Morgan’s comment on these elaborate speculations of Darwin is very caustic and concise. Referring to factorial mutations, which give rise to races of flies having supernumerary and vestigial organs, he says: “In contrast to the last case, where a character is doubled, is the next one in which the eyes are lost. This change took place at a single step. All the flies of this stock, however, cannot be said to be eyeless, since many of them show pieces of eye—indeed the variation is so wide that the eye may even appear like a normal eye unless carefully examined. Formerly we were taught that eyeless animals arose in caves.
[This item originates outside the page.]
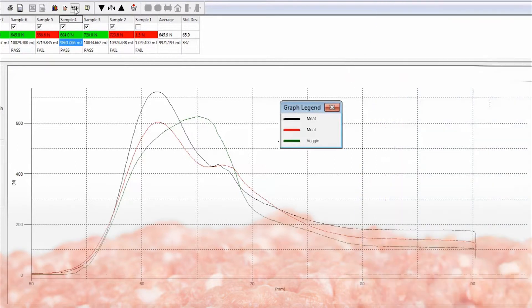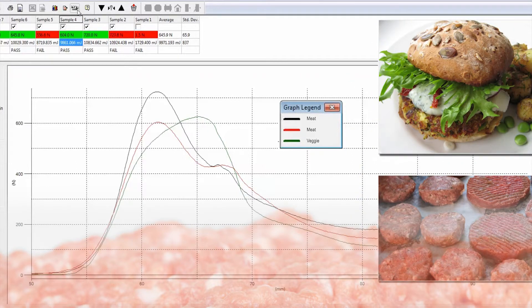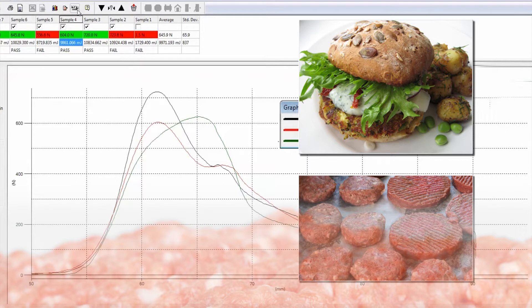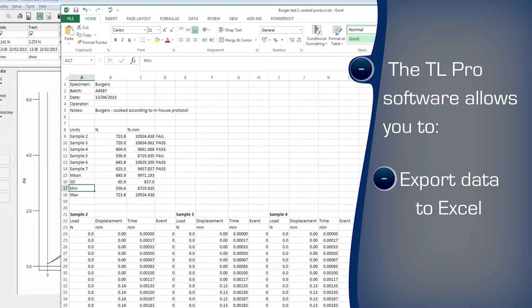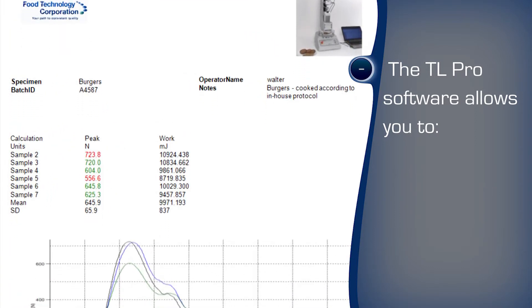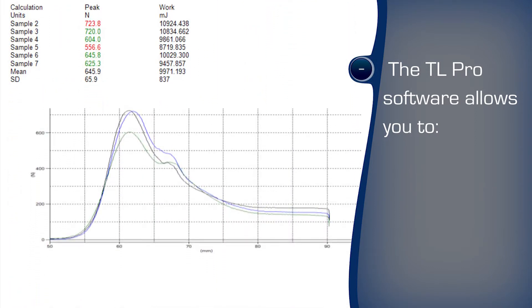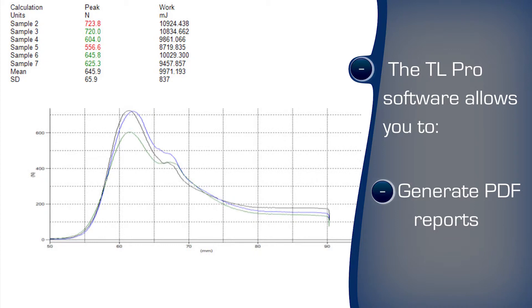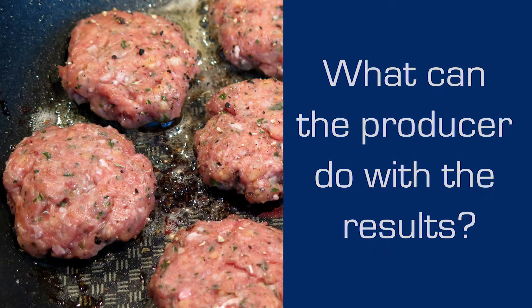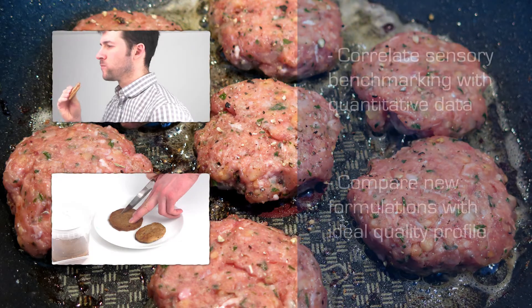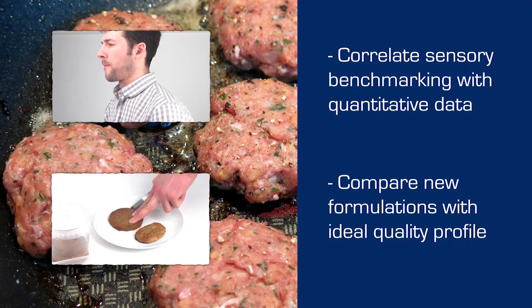Pass and fail criteria may be used to highlight overly tough or soft product. The burger should be firm enough to retain its shape during cooking and handling. The TL software can export to Excel for further examination and traceability, and format the results in a user-customisable report style. Analysis of the measured data brings understanding to the effect of variables in the food supply chain and therefore the ability to optimise quality.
This case shows that they may also arise suddenly in glass milk bottles, by a change in a single factor.

“I may recall in this connection that wingless flies also arose in our cultures by a single mutation. We used to be told that wingless insects occurred on desert islands because those insects that had the best developed wings were blown out to sea. Whether this is true or not, I will not pretend to say, but at any rate wingless insects may also arise, not through a slow process of elimination, but at a single step.” (“A Critique of the Theory of Evolution,” 1916, pp. 66, 67.)
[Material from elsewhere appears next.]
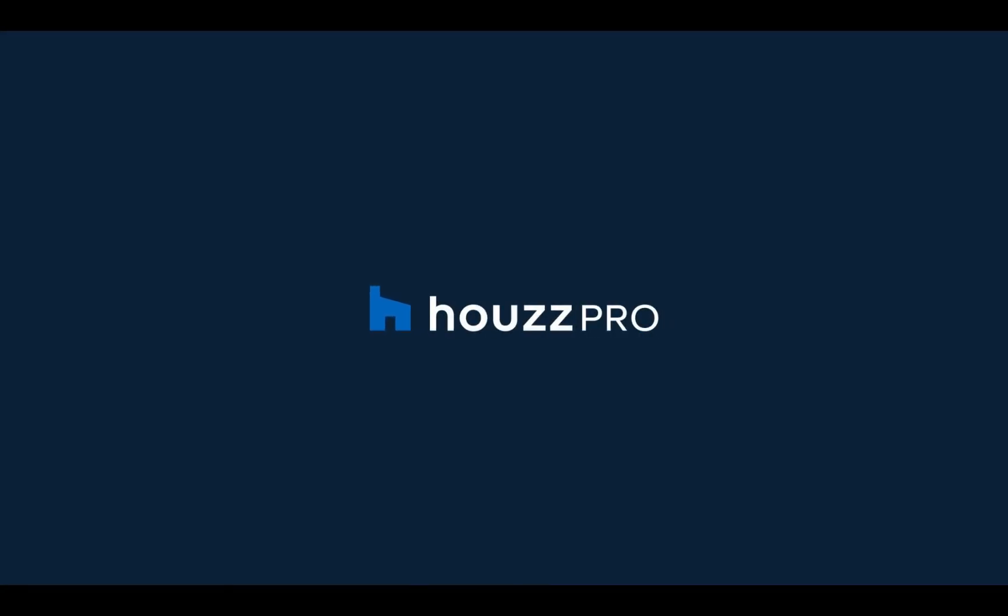For a better understanding of your business financials, use the Houzz Pro Payments Report. To learn more, watch our other videos on Houzz Pro Reports. Thank you for watching!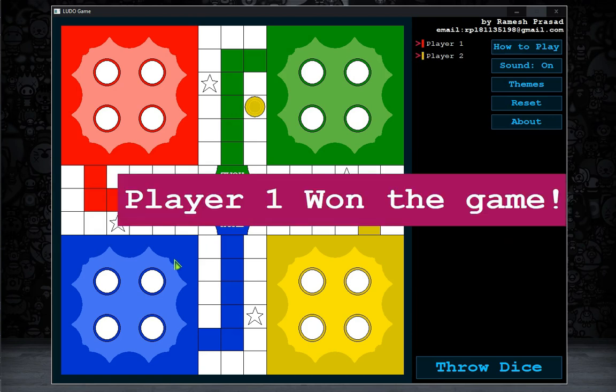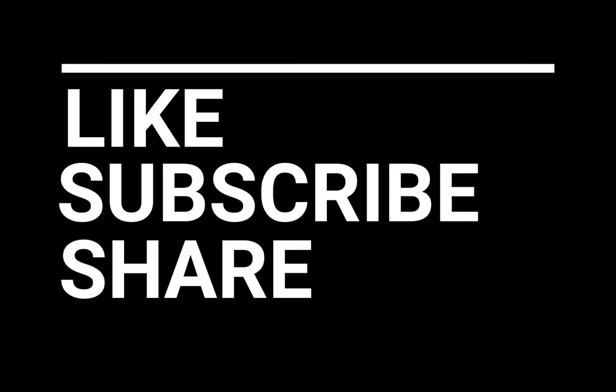So this is it guys. If you liked this video and want to watch my upcoming videos, please subscribe to my channel, don't forget to hit the bell icon, and share it with your friends. Thank you for watching.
In directing attention to the fact that a permanent and inheritable reduction of organs to the vestigial state can result from mutation, we do not, of course, intend to exclude the possible occurrence of somatic atrophy due to lack of exercise rather than to germinal change. Thus the blind species of animals in caves may, in some instances, be persistently blind, because of the persistent darkness of the environment in which they live, and not by reason of any inherited factor for blindness. Darwin gives one such instance, namely, that of the cave rat Neotoma. To test such cases, the blind animals would have to be bred in an illuminated environment. If, under this condition, they failed to develop normal eyes, the blindness would be due to a germinal factor, and would be inherited in an illumined, no less than a dark, environment.
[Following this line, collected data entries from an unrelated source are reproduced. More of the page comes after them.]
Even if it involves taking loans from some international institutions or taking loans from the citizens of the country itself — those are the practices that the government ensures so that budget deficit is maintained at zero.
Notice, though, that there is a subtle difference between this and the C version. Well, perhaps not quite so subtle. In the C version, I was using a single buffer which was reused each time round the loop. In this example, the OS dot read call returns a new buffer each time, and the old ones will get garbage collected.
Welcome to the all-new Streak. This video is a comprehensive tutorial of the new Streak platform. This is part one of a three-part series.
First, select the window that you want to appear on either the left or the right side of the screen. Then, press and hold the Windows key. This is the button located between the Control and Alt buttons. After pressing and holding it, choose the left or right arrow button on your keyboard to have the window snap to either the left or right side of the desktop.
In any case, a mutation which suppresses a character is not, as we have seen, a specific change, but merely one of the varietal order, which does not result in the production of a genuine new species. The factorial mutant with a vestigial wing or eye belongs to the same species as its wild or normal parent stock. Moreover, neither disuse nor natural selection has the slightest power to induce mutations of this kind. If mutation be the cause of the blindness of cave animals, then their presence in such caves must be accounted for by supposing that they migrated thither because they found in the cave a most suitable environment for safety, foraging, etc. Darkness alone, however, could never induce germinal, but, at most, merely somatic blindness. The Lamarckian factor of disuse and the Darwinian factor of selection have been definitely discredited as agents which could bring about hereditarily-transmissible modifications.